Bill: “First Ken Starr, now this shit… Man, I’d so do Mary… Fucking Arafat. I coulda been a god in the Middle East. Do they have gods in the Middle East?”
Hillary: “Gee, Ted and Mary look nice today… My library is gonna be twice as nice as this crap… A photo op with Dubya: whose bright idea was this?…”
Chelsea: “Three hours at the salon and now this… God, Ted got bald… Would it be really tacky if I Blackberry’d right now…”
George: “Oh, no. Who’s that with mom from Elf? Is it that turkey followin’ me?… I sure hope there’s ice cream after lunch. Condi promised me ice cream… Mandate. Man-date. Yeah, I guess I get it now. It is sorta funny.”
6 replies on “Every Picture Tells a Story”
Look at me… look at me… don’t you know ‘I’ am the president… I am the “moral” one…. what has that other guy ever done for the middle east!?
Bill: “Damn I hate this weather, maybe if I’d slept with Mother Nature, I could have had nice weather for my big day. Mmmhmm..Dalia Rabin is looking fine. I always knew there was a reason I loved her father. It’s not fair, I got the shitty end of the deal, I lose Rabin on my watch and Bush gets re elected and Arafat croaks, lucky bastard”
Hillary: “Is that Jon Corzine over there?
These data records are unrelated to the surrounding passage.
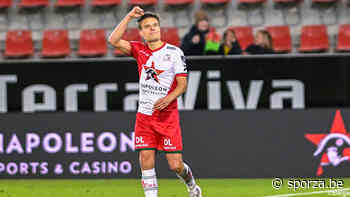 Oefenmatchen: Vossen scoort er 2 voor Zulte Waregem, STVV speelt gelijk tegen Dresden - sporza.be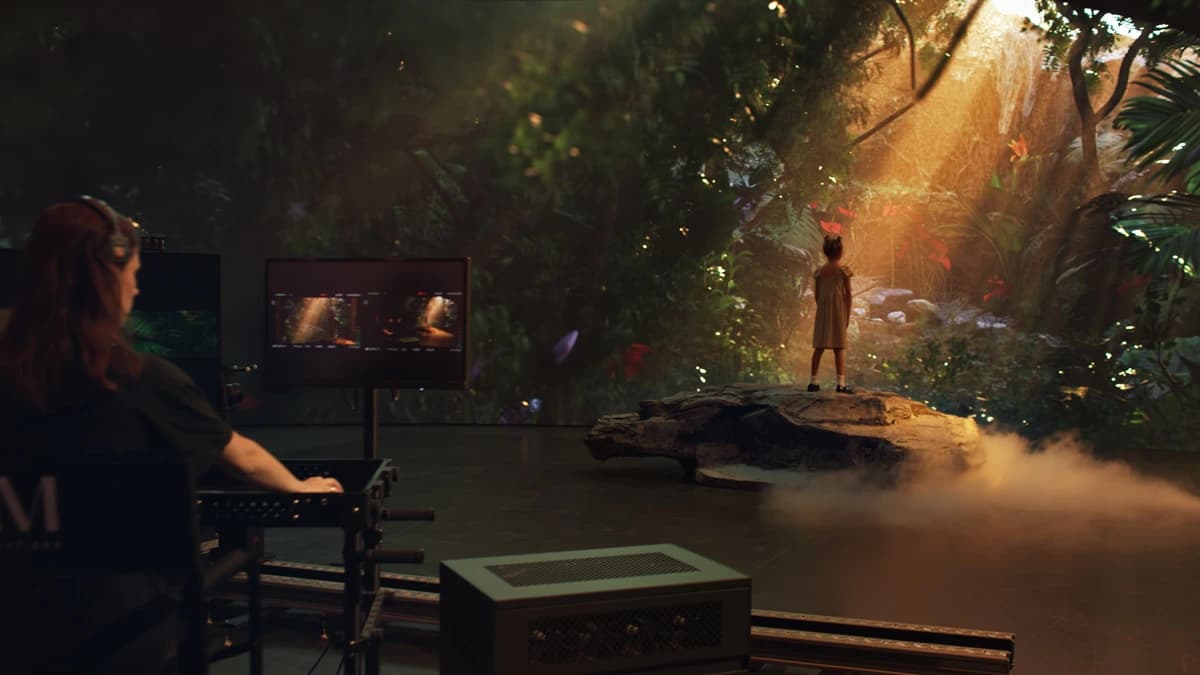 Why Independent Agencies Are Building 3D Capabilities Instead of Buying Them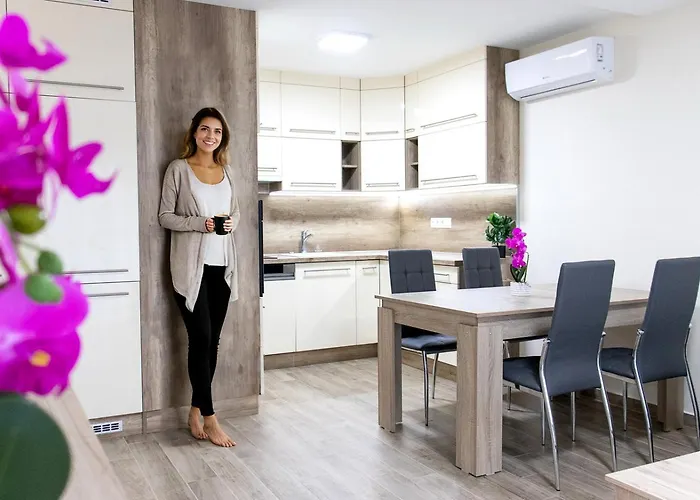 Trika Apartman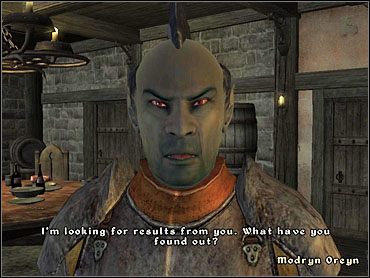 Jest to substancja, którą często znaleźć możesz przy pokonanych przez ciebie duchach - Oblivion: Drunk and Disorderly - The Elder Scrolls IV: Oblivion - poradnik do gry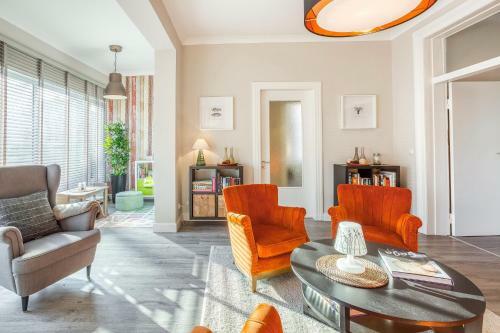 Seehase Apartment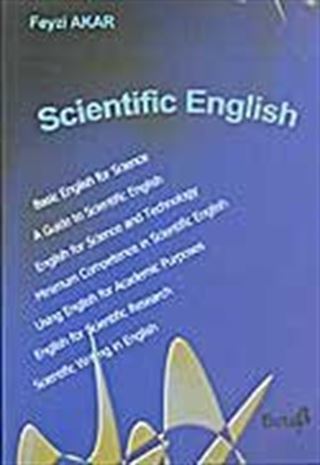 Scientific English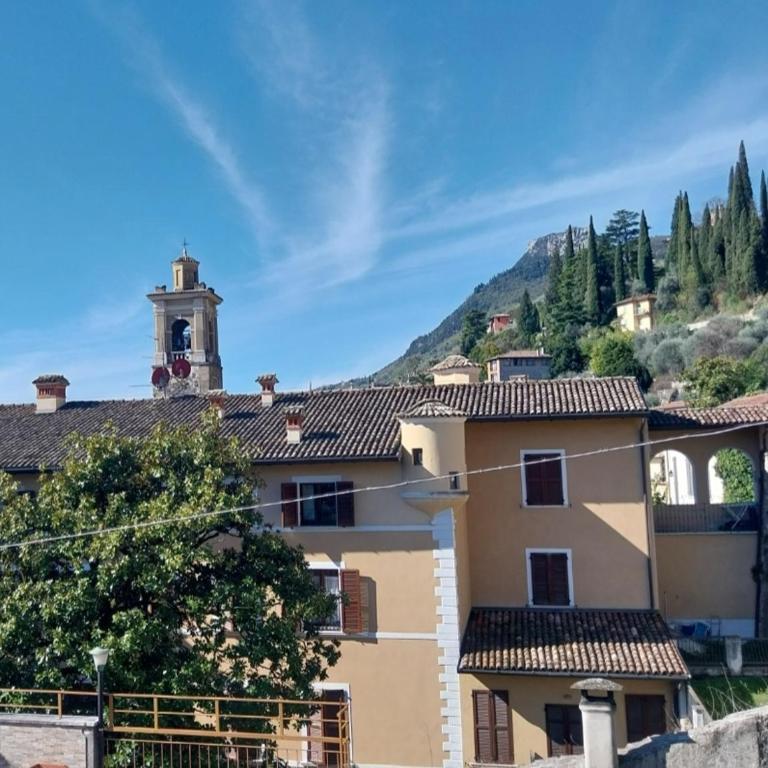 Il limone - One-Bedroom Apartment - 54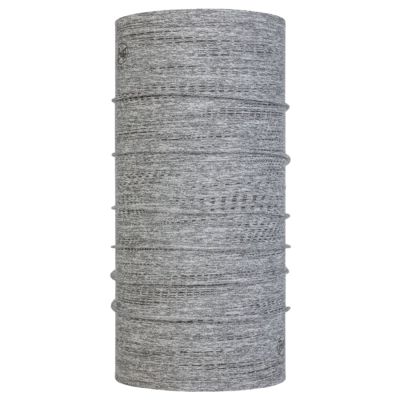 Buff Dryflx Schlauchschal 1180969331000 Grau One size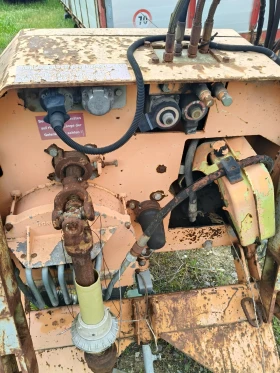 Допълнително оборудване Друг вид Unimog, снимка 8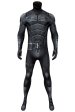 The batman 2021 movie Bruce Wayne Robert Pattinson Cosplay Costume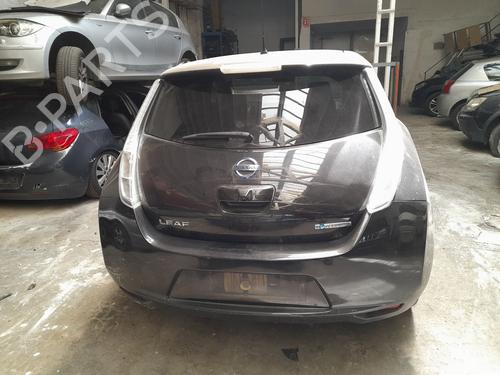 Engine NISSAN LEAF (ZE1) Electric | BP37477820M1 - Image 6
Jonnny..oh Jonnyyyy!”
Chelsea: “Ian is winking at me, he loves me!”
Georgie: “Maybe if Bill moved his big ole white head, I can see better. I think I see my boyfriend Ariel Sharon over there!”
Bill: “Is My Library hiring interns yet?”
Hillary: “Smile. Grin. Fake it. Just think, ‘this’ll be the last time I’ll ever have to set foot in this Arkansas shithole again! ”
Chelsea: “Hey, I didn’t remember any hot guys here way back then…”
George: “Fucking libraries. Pencil necked dweebs like Dad have a hard on for them. Screw that!! I’m gonna build me a ginormous Presidential Stadium! ….whaaa? Karl? whadidyaa say? sit up straight? fuck you. no shit this thing on my back hurts!”
From behind the camera:
“Oh, Mr. President…!”
Laura: Yes George it is raining, don’t lean back you’ll drowned again!
That George ain’t got no man-date, he’s got a pity date with some date rape planned.